Its not always on. Its only 'always' on if you would orbit the sun which starlink can't do, it has to orbit the earth. This only works in a certain constelation which would create a halo around our planet, without clear understanding what even would do.
The more power you consume, the more power you need to dissipate. These constelations wouldn't be small at all. It would also take a interesting solution to be able to move this heat from very small very intense areas to very big cooling areas. How?
And space is not easy. Space is very very cold which puts a lot of stress on materials. It has radiation. And it has A LOT of microasteroids. Stuff in Space breaks down due to this. You would need to replace all of this stuff regularly with resources from the planet earth.
You would basically just spend a lot of resources throwing a lot of resources out into space. You can't even recycle all of this.
Its still lunatic at our current state of our current system. There is so so much space on our planet. Its ridicoulous
The only reason Musk is saying stuff like this is because he knows there is no market and he needs to keep his system alive
The always on orbit exists and is called a dawn-dusk Sun synchronous orbit. It is an orbit that is always above the terminator (line between night and day) where it can face the Sun 100% of the time.

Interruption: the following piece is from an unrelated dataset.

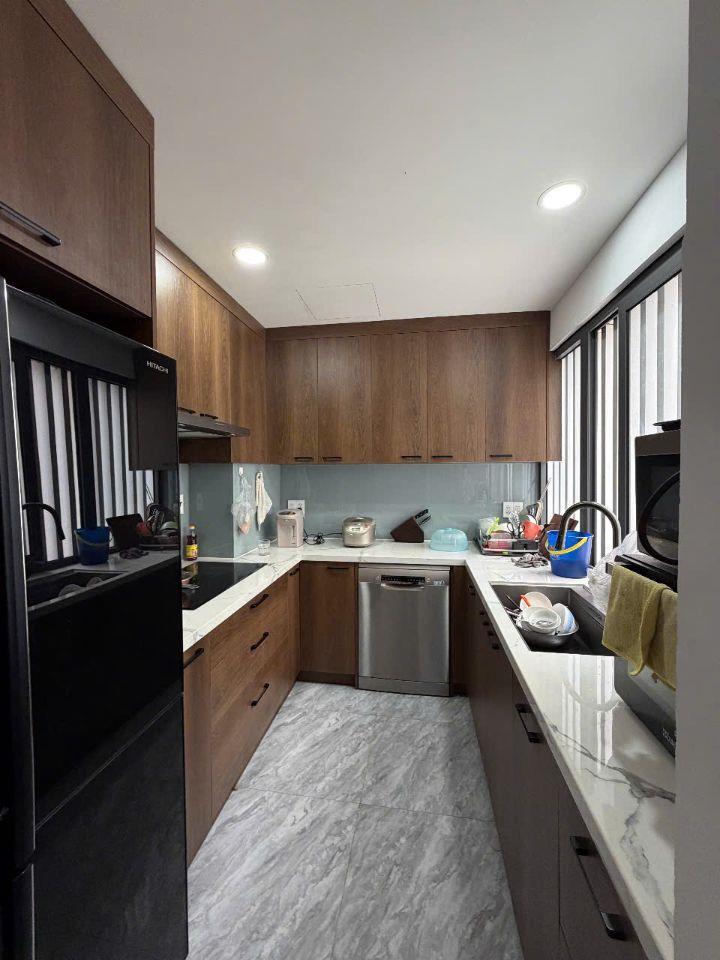 Siêu hiếm! Bán căn hộ sân vườn Garden Court 2, 200m2, 3PN, full, sổ hồng, giá 16.9 tỷ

This orbit has to rotate about a degree every day to follow the terminator as the earth orbits the Sun. It uses the equatorial bulge of the earth to achieve that rotation without have to spend rocket fuel. It is really quite interesting.
But the slots on such Sun-synchronous orbits are limited and many applications want them.
A few datacenters could occupy some slots, but it would be difficult to accept a large number of datacenters obstructing such orbits.
Aren't dusk-dawn orbits already the most crowded orbital space with the most orbital debris?
A polar low earth orbit can be always-on (no earth shadow). Each satellite will be in thermal equilibrium, around 10°C. Catastrophic destruction from micrometeoroids is rare. I'm not saying it's a good idea, but I don't see any dealbreakers in the math/science.
Kessler Syndrome is the biggest dealbreaker. We're already fairly far advanced in that scenario from Starlink, and competitors/scaleouts to Starlink promise to be worse.
If you plug eleventy trillion dollars of hope that the aristos can finally replace the working class into the issue, Earth loses access to low orbit from orbital debris almost immediately.
Their entire mindset cannot deal with this. Low orbit is a physically-enforced type of commons, inextricably tied to tragedy if overpopulated. You cannot privatize it and scale indefinitely. There is no defense, and any pissed off individual actor who gets malicious can burn it to the ground.
Starlinks are in low enough orbit to passively decay in less than 5 years, that really can't meaningfully contribute to a Kessler syndrome.
Chinese mega constellations on higher orbits & their spent stages left in space are a bigger issues.
Still in case it got going & made higher orbits unusable, starlink would likely still work just fine on the lower self-cleaning orbits, not to mention using a partial (and hopefully soon full) RLV for replenishment.